Firstly, the Central Commission classified revenue generated from data centre operations as related party transactions, thereby subjecting it to regulatory oversight in accordance with the provisions delineated in the Electricity Act, 2003. This classification underscored the regulatory scrutiny warranted by revenue streams associated with activities beyond the core function of transmission.
Secondly, the Central Commission stated the importance of compliance with regulatory frameworks, particularly emphasising the necessity for adherence to stipulations governing the sharing of revenue derived from non-transmission endeavours.
In delineating the utilisation of spare land or buildings at substations for non-transmission purposes, such as data centre activities, the Central Commission firmly invoked Section 41 of the Electricity Act, 2003. Furthermore, it underscored the significance of obtaining requisite approvals from state and local authorities for non-transmission activities.
Lastly, it stated its commitment to safeguarding the interests of end beneficiaries of transmission services. By emphasising the need to balance commercial imperatives with regulatory obligations, the Central Commission sought to uphold the integrity of the transmission ecosystem while fostering transparency and accountability associated with transmission substations.
Conclusion
The order passed by the Central Commission concludes by approving the petitioner’s proposal to utilize spare land at various substations for establishing data centre facilities through its subsidiary, subject to specific conditions. It underscored the importance of complying with regulatory frameworks and ensuring transparency in related party transactions to safeguard the integrity of the transmission network. This decision not only allows for the exploration of additional revenue streams but also sets a precedent for similar cases, providing clarity on regulatory compliance and operational considerations regarding the utilization of spare land at substations for non-core activities.

Strengthening Cross-Border Intersection Transmission System Between India and Nepal
The Central Electricity Regulatory Commission vide order dated 25.04.2024 has granted transmission line to Butwal-Gorakhpur Cross Border Power Transmission Limited (‘BGCPTL’), a joint venture between Powergrid Corporation of India Limited (‘PGCIL’) and Nepal Electricity Authority (‘NEA’) for implementation of Indian Portion of New Butwal – Gorakhpur 400 kV Double Circuit Cross Border Interconnection Transmission line and associated work.
As of present, there is only one high-capacity Muzaffarpur (India) – Dhalkebar (Nepal) cross-border link between India and Nepal. In case of an outage of this existing transmission line, it was predicted that Nepal would face grid disturbances and even a blackout.

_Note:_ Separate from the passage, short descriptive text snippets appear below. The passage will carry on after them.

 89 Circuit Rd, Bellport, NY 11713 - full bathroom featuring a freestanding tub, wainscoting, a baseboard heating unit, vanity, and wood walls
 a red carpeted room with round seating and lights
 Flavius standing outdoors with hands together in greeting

To prevent such a situation, and to supply secure and reliable power to Nepal, a second high-capacity transmission line is required.
Importantly, BGCPTL has been formed after approval of the Ministry of Power and NITI Aayog and has been nominated by the Government authorities of both India and Nepal to implement the transmission Project.

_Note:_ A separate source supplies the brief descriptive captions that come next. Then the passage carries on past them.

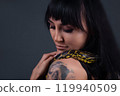 Image of the girl with yellow anaconda on shoulders and neck 119940509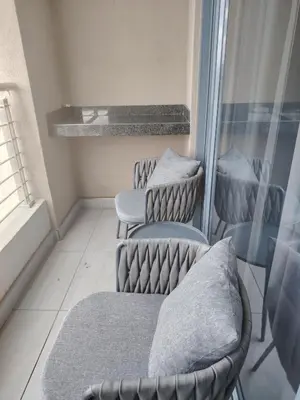 two chairs sitting in a room with a window at Menlyn Maine - The Trilogy Apartment 1111 in Pretoria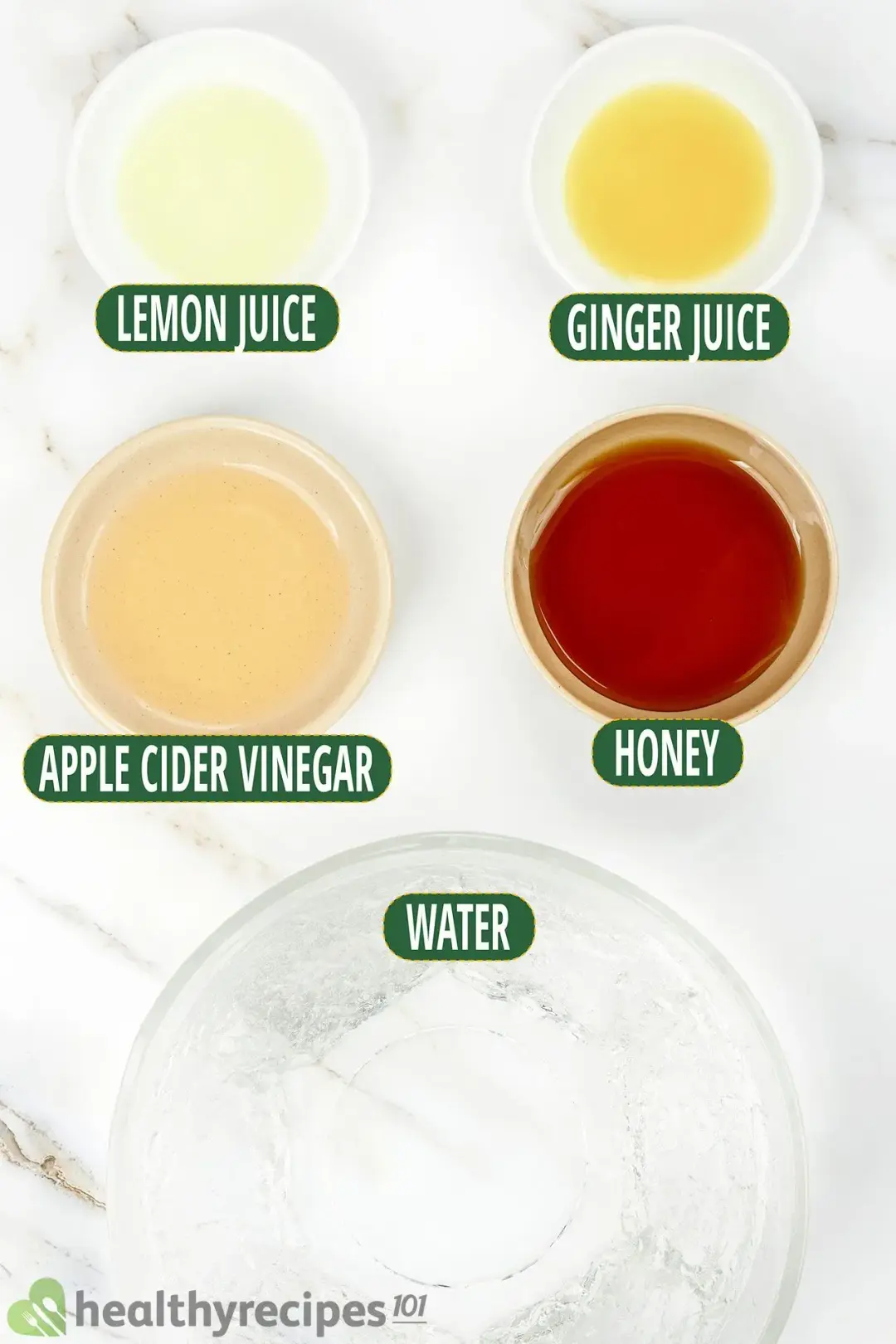 Ingredients in separate bowls: lemon juice, ginger juice, apple cider vinegar, honey, water
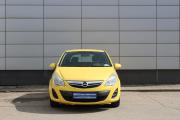 Желтый Opel Corsa 1.2 MT (85 л.с.) 2012 фото 1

The Central Commission was of the view that BGCPTL does not fulfil any of the eligibility conditions for the grant of a transmission licence, however, considering the importance of the Transmission Project in promoting the exchange of power between India and Nepal and the policy decision of the Government, exercised its Power to Relax and granted license to BGCPTL for implementation of Indian portion of New Butwal- Gorakhpur 400 kV Double Circuit Cross-border interconnection transmission line.
This Project will strengthen the already existing Transmission System between India and Nepal and also reduce the risk of any outage or blackout in Nepal. This project will also play a key role in enhancing the relations between both the countries.